* _Exercise prompt_: A faithful copy of all the records is needed, with the pictures omitted.

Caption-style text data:
━━━━━━━━━━━━━━━━━━━━━━━━━━━━━━
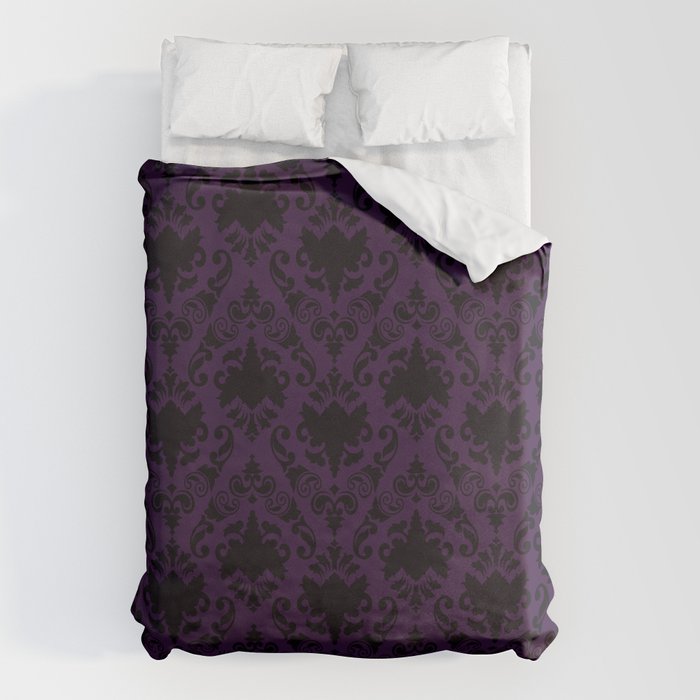 Aubergine and Black Damask Duvet Cover Gallery Image 6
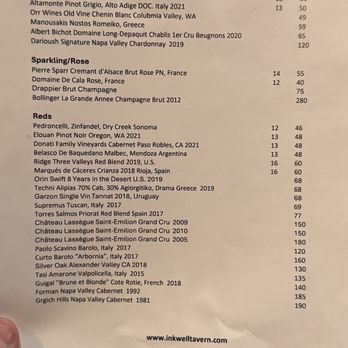 Inkwell Tavern - Wine menu - Cocktail Bars Near Me - Burbank, California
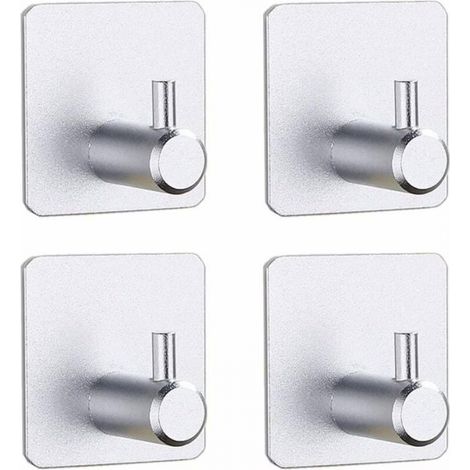 Lot de 4 crochets muraux robustes et étanches pour serviettes, clés, vestes, manteaux et peignoirs, cuisine et salle de bain, auto-adhésifs (1/4)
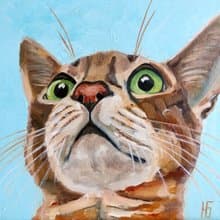 Funny Cat Painting Original Art, Cute Pet Portrait, Cat Wall Art, Animalistic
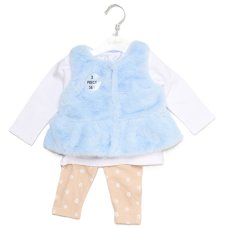 J15553TOD: Girls Faux Fur Gilet, Top & Legging Outfit (2-4 Years)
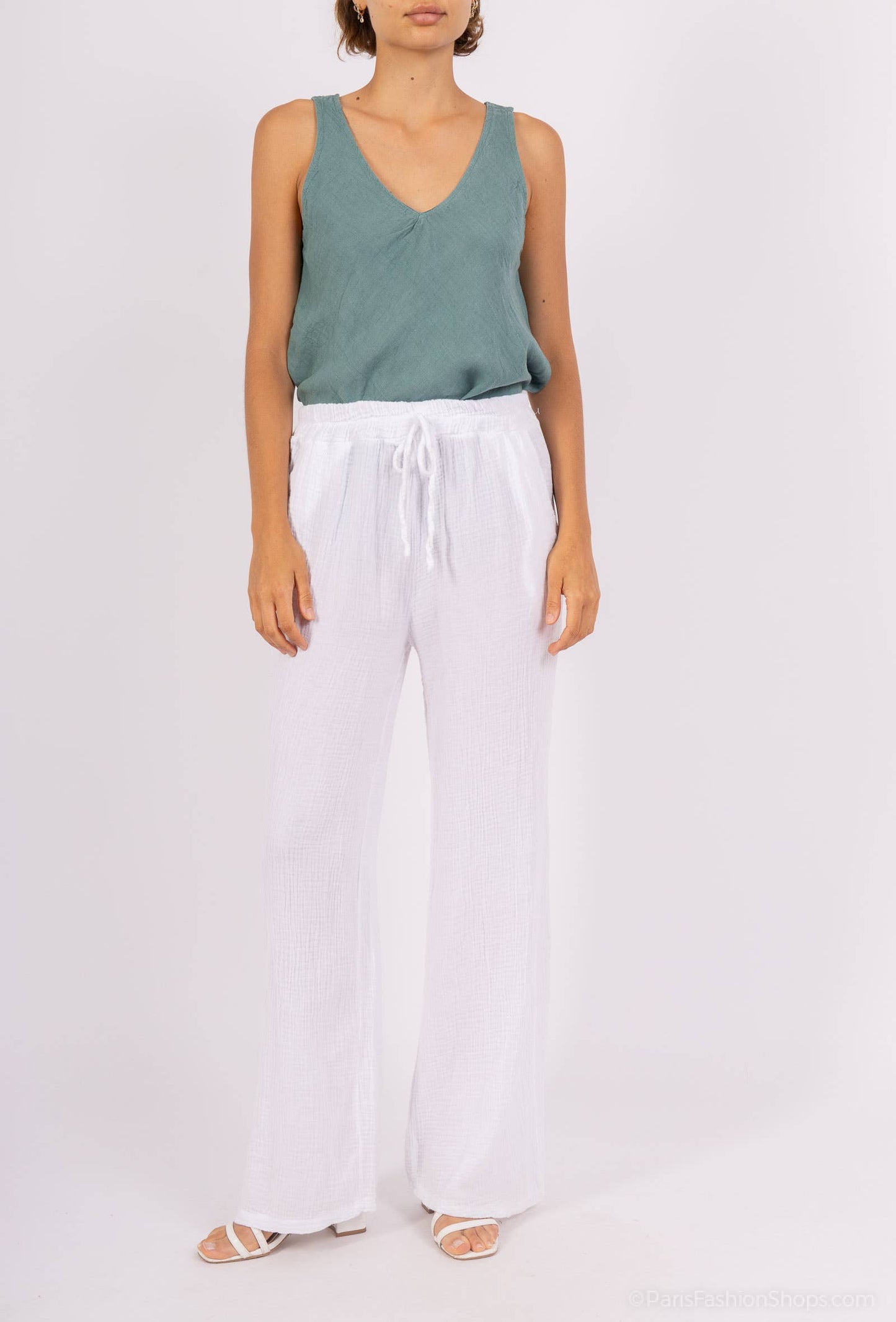 Basic Linen Tank Top @37252_DebLin: White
━━━━━━━━━━━━━━━━━━━━━━━━━━━━━━
* _Task output_:
 Aubergine and Black Damask Duvet Cover Gallery Image 6
 Inkwell Tavern - Wine menu - Cocktail Bars Near Me - Burbank, California
 Lot de 4 crochets muraux robustes et étanches pour serviettes, clés, vestes, manteaux et peignoirs, cuisine et salle de bain, auto-adhésifs (1/4)
 Funny Cat Painting Original Art, Cute Pet Portrait, Cat Wall Art, Animalistic
 J15553TOD: Girls Faux Fur Gilet, Top & Legging Outfit (2-4 Years)
 Basic Linen Tank Top @37252_DebLin: White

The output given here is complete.